We have a 125MB lookup table as a .csv file with 1.5M rows. This table is re-generated on the Search Head every 4 hours. The strategy is to deploy this csv (along with any other changed files in the deployed app) to the Indexer when it changes. The first set of experiments has resulted in slow deployment and lookup outages; the Indexer Summary Indexes cannot do a lookup when the deployment is in progress and prior to the on-disk index being built.
Several questions about deployment strategy and large lookup tables:
1) The primary issue is that there is a gap in availability of the lookup table during and slightly after it is deployed to the indexer. Splunk needs time to build the on-disk index structure. The time to deploy and prepare the index can take 5-10 mins. What steps could be taken to reduce the this time?
2) The threshold for creating an on-disk index directory defaults to 10M lookup table size. Any harm in increasing that to 100M assuming there is enough memory? The assumption is the on-disk index will not be built, it will reside in memory. Will the lookup be available while the index is being prepared?
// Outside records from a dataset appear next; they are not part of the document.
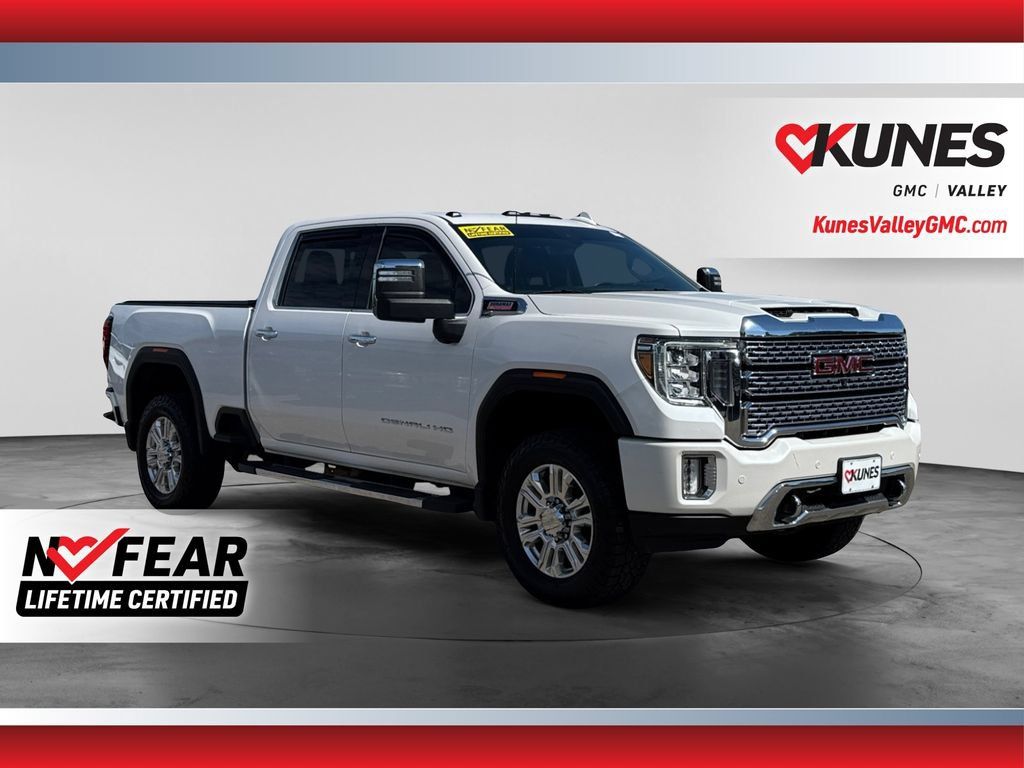 Used 2022 GMC Sierra 3500 Denali w/ Denali Ultimate Package AWD/4WD image 1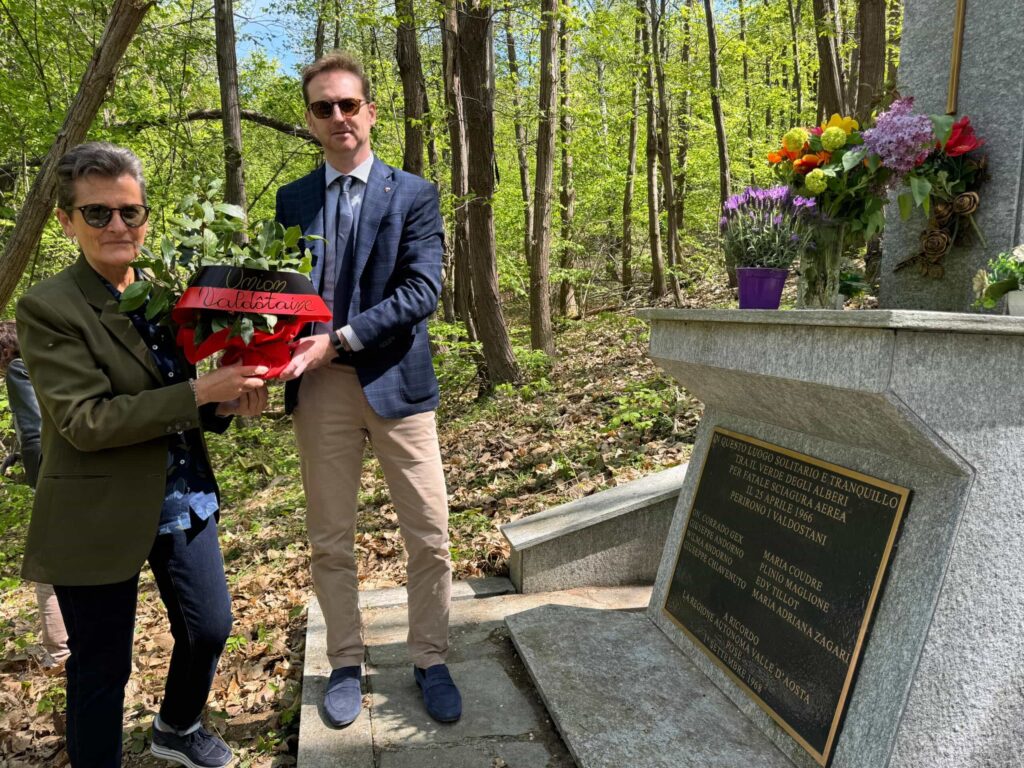 60ᵉ anniversaire de la tragique disparition de Corrado Gex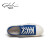 沙驰（SATCHI）男鞋2023春季新款时尚休闲鞋帆布鞋系带软底鞋子板鞋男 蓝色S2T103008B 39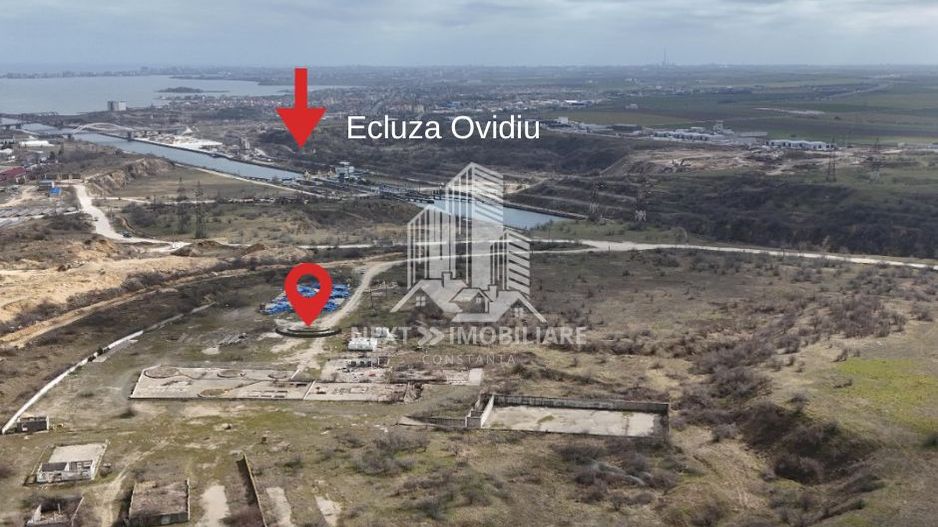 Teren intravilan 59.072 mp – zonă industrială Ovidiu, - Poză 4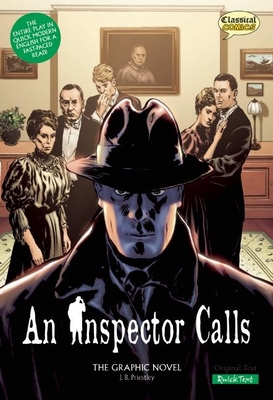 An Inspector Calls the Graphic Novel: Quick Text - Cobley, Jason (Adapted by), and Bryant, Clive (Editor)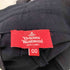 ヴィヴィアンウエストウッドレッドレーベル Vivienne Westwood RED LABEL イージー クロップドパンツ レディース 00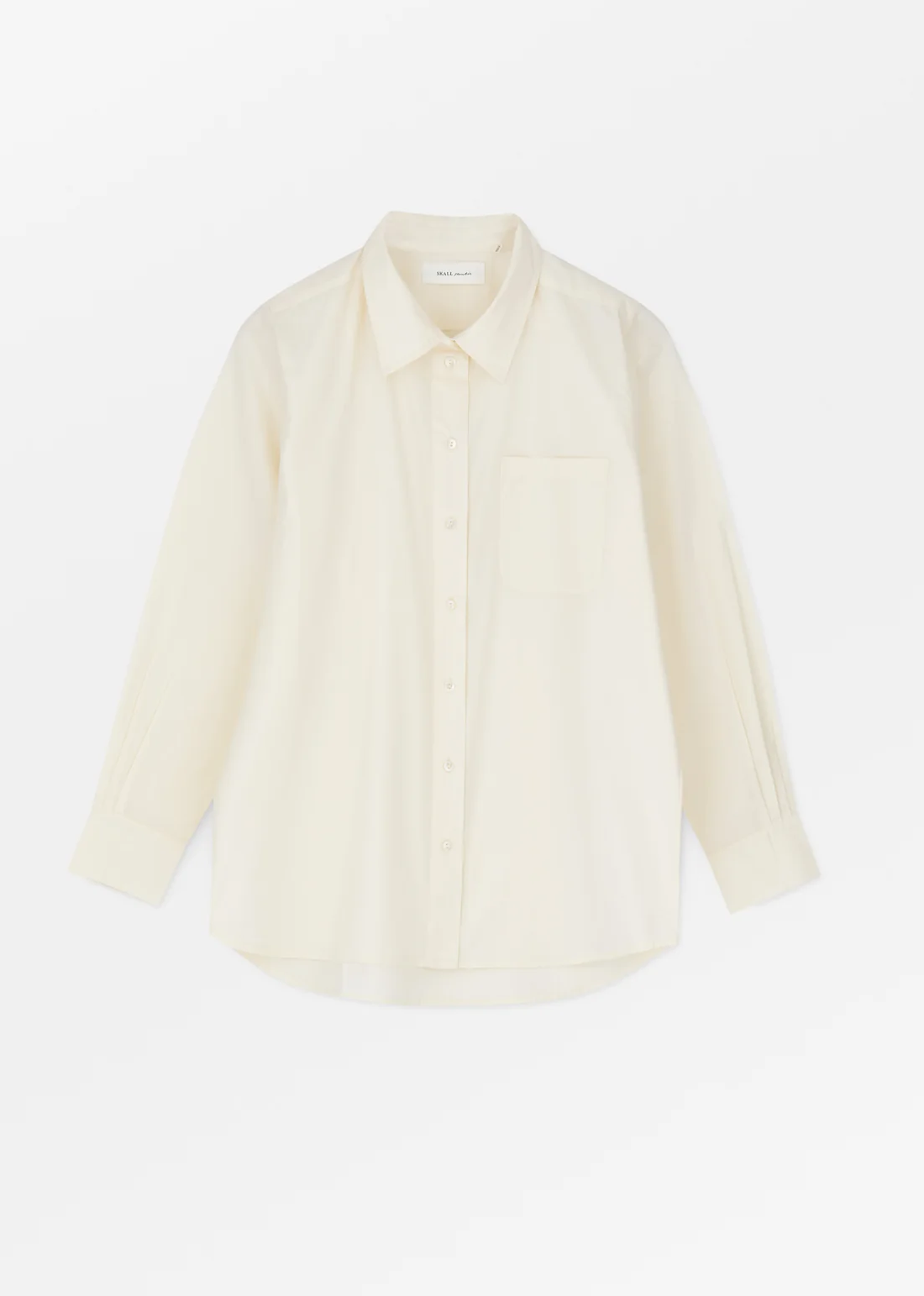 Nicci Shirt, Cream - Skall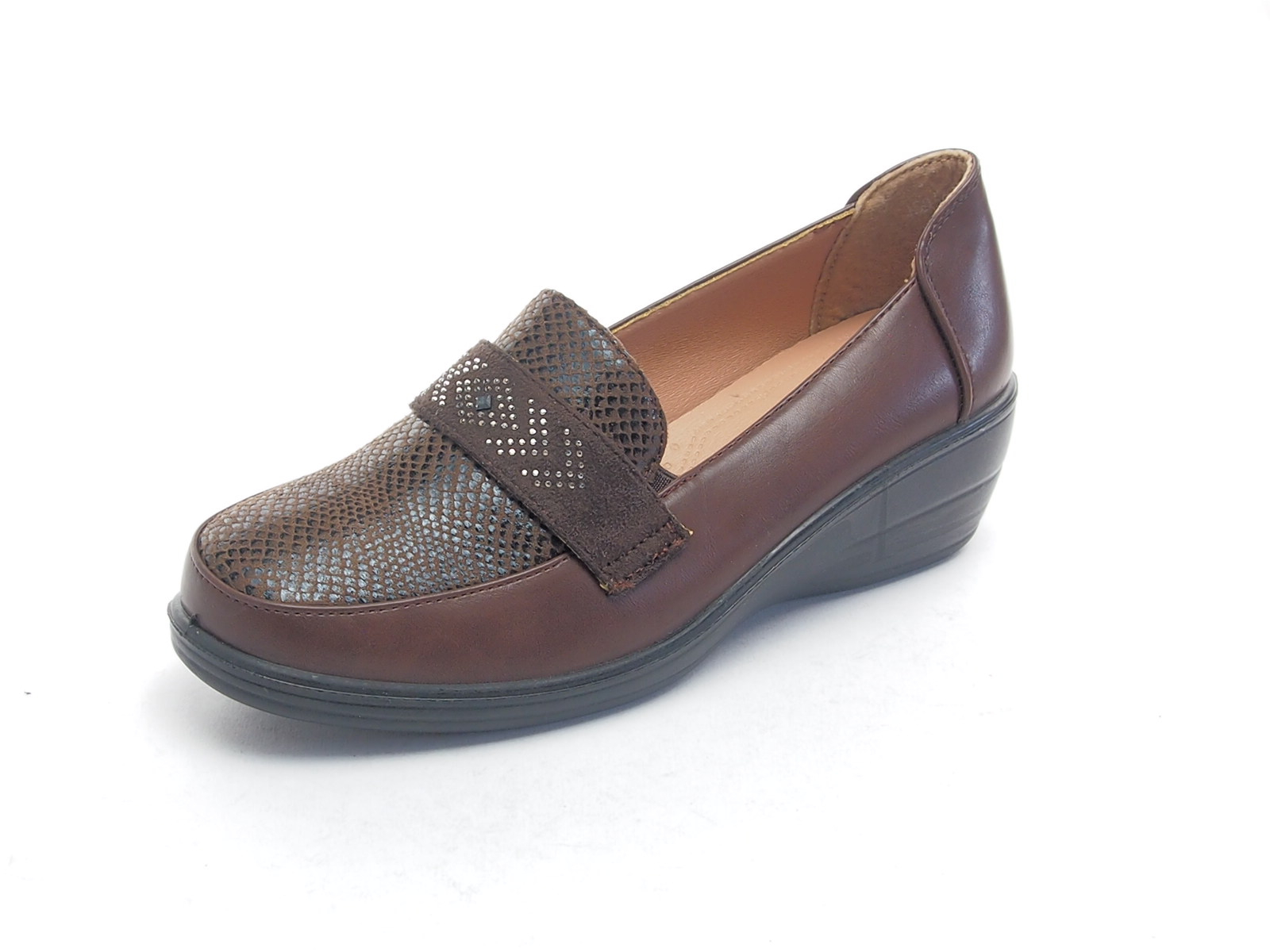 JSD163 MARRONE ( BROWN ) 35-41 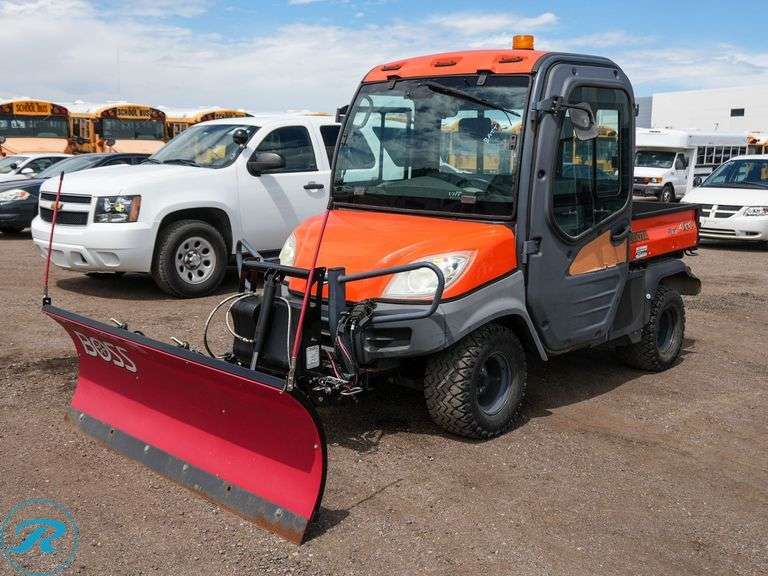 Kubota  RTV1100  4WD  UTV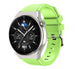 Bracelet silicone Huawei Watch GT 3 Pro 46mm (vert clair)
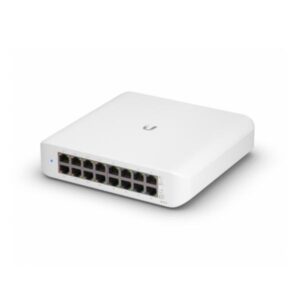 Switch Ubiquiti USW-LITE-16-POE, Gigabit, 16 porturi, PoE Switch Ubiquiti USW-LITE-16-POE, Gigabit, 16 porturi, PoE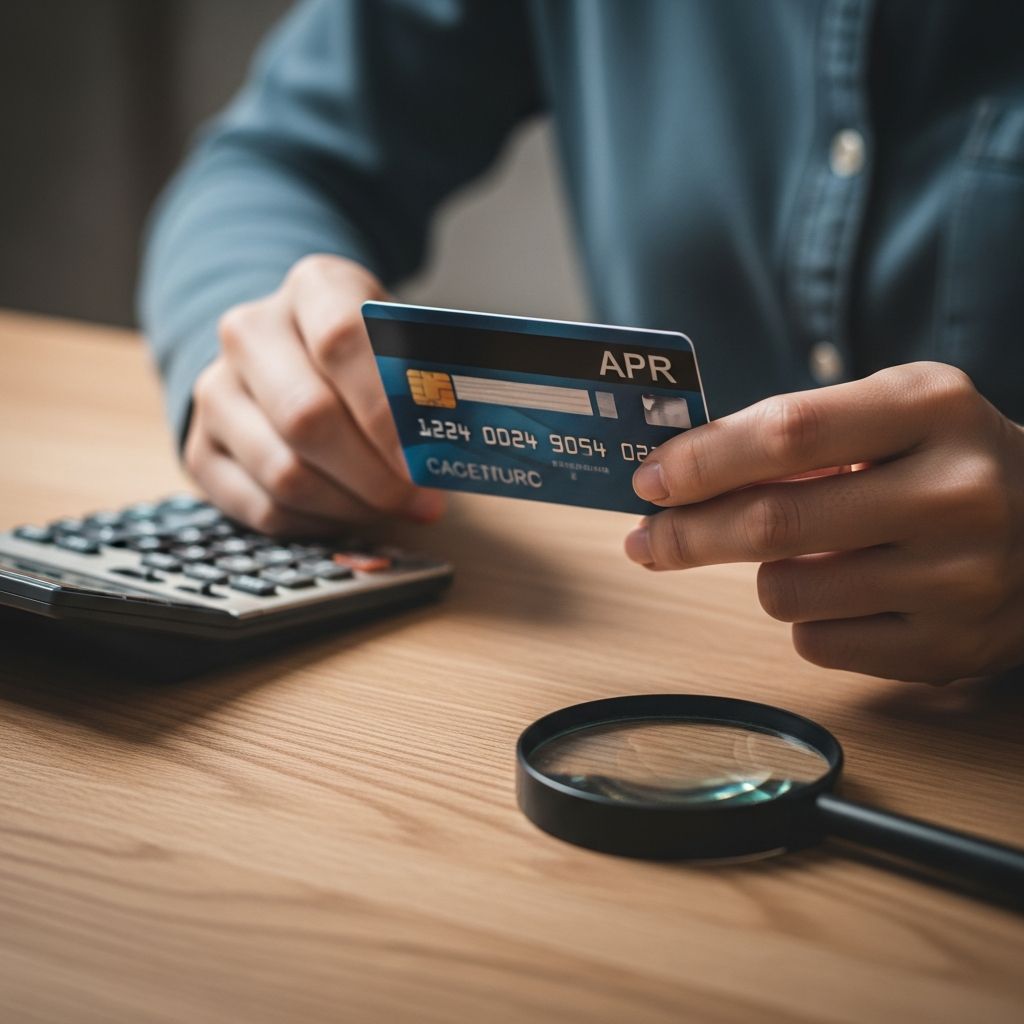 Master how annual percentage rates work and minimize interest costs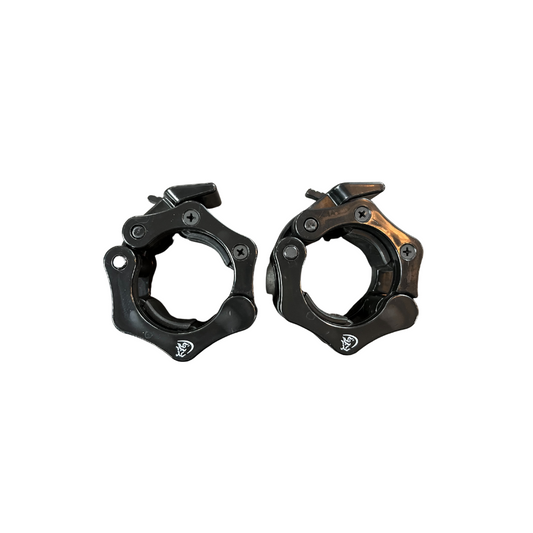 Paire de collets Lockjaw Gymnetic pour barre Olympique - Body Gym équipements
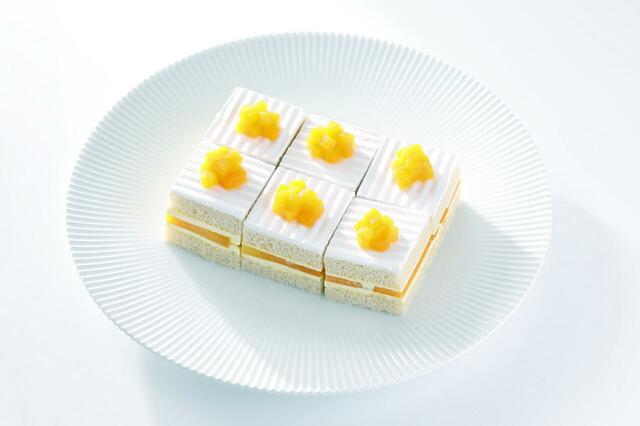マンゴーショートケーキ【スーパースイーツビュッフェ2023～マンゴー＆メロン～】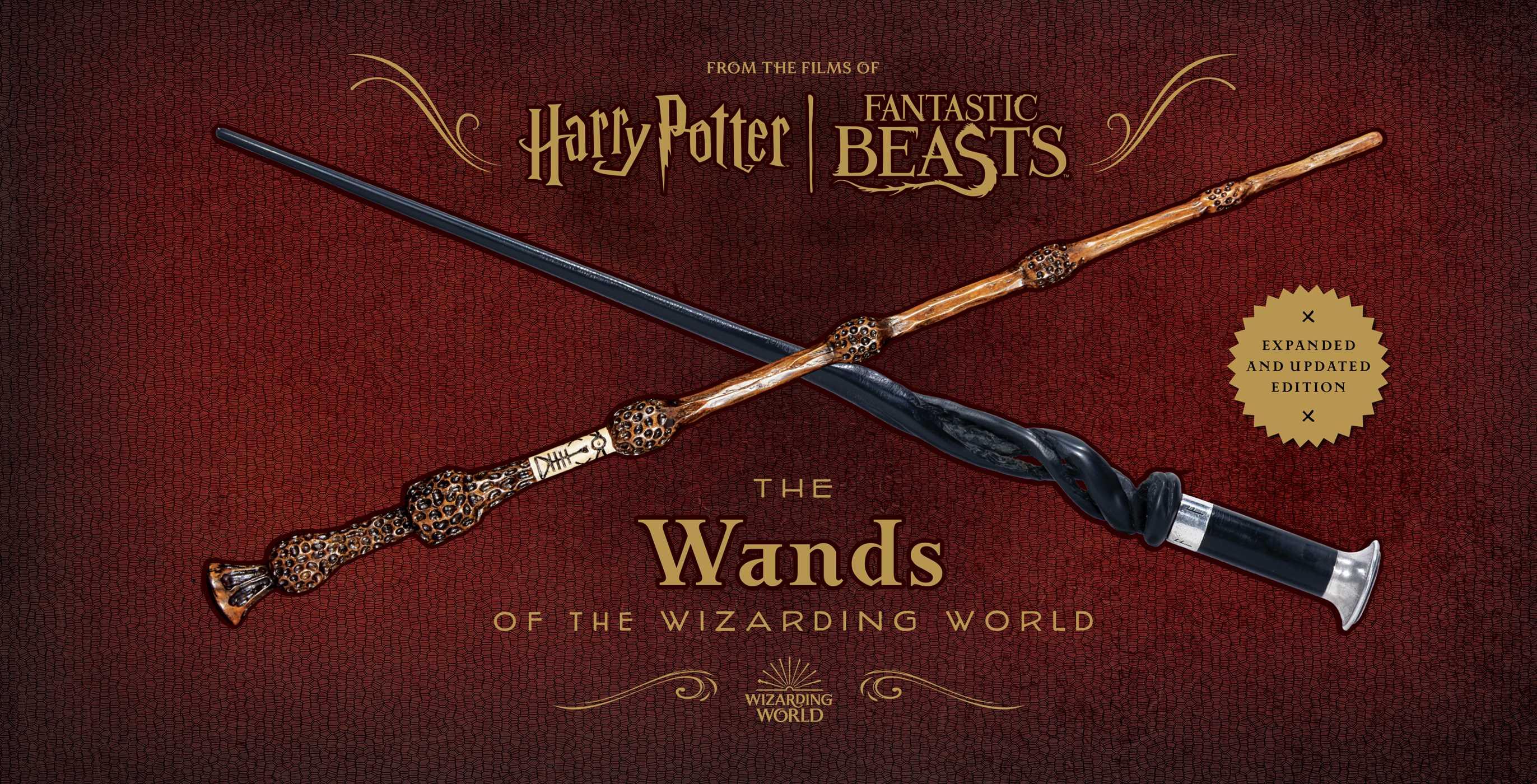 Vorderes Coverbild Harry Potter and Fantastic Beasts: The Wands of the Wizarding World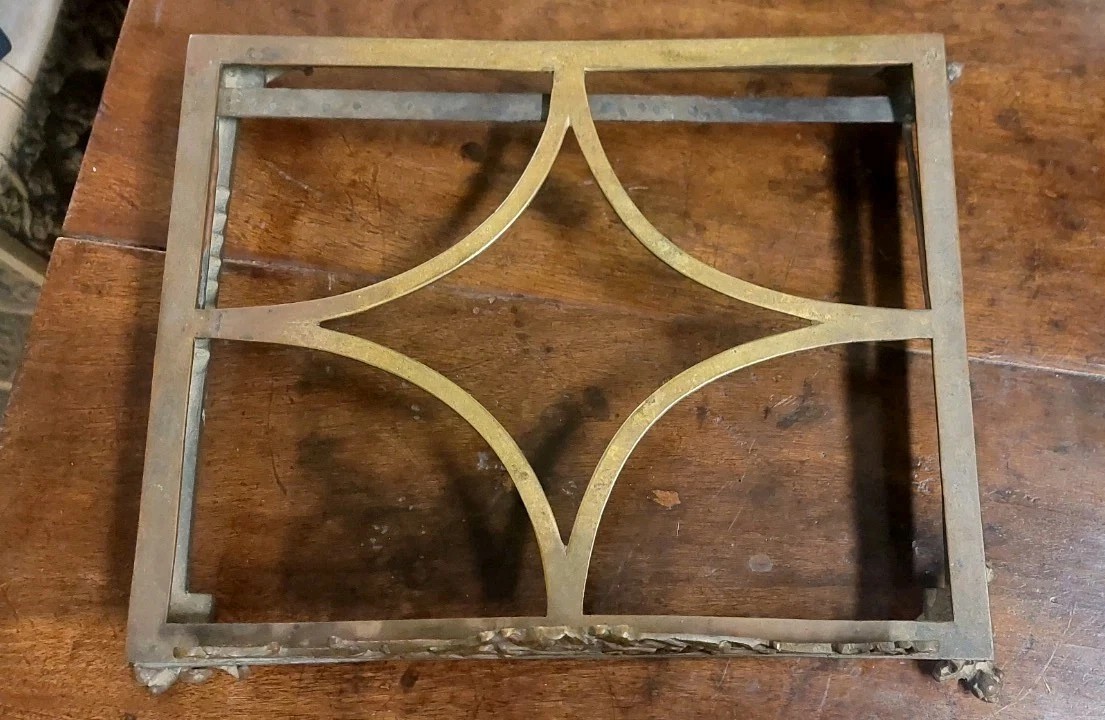 PUPITRE EN BRONZE DU XIXE SIÈCLE-photo-4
3) For large csv lookup files, what triggers the on-disk index structure to be built? Is there any control over that timing? By observation we have noticed that is does not build the index until a lookup is attempted and the lookups will fail until the index is ready.
4) Any specific steps to increase priority and improve the transfer speed on certain files for deployment?
There are a few things here.
First, a 125 MB lookup file should take maybe 30 seconds to index, not 5 to 10 minutes. Second lookup tables (and the entire app config, but lookup tables files and their indexes, so the indexing is only done once) are pushed out to indexers from the search head automatically when they change. Sending them out via Deployment Server doesn't really do anything, and they are not used when you run queries. Instead, the one that is replicated out by the search head is used instead. If you're seeing lags, it's possible that it's actually the replication that is slow. There are a couple of solutions here. The first is to disable replication and use NFS or other file sharing (probably not Deployment Server) to make the lookup available to the indexers. This can be done in versions below 4.2, but is a bit undocumented. In 4.2, there are settings for it in distsearch.conf. In 4.2, you can also try using asynchronous replication, which will prevent stalls.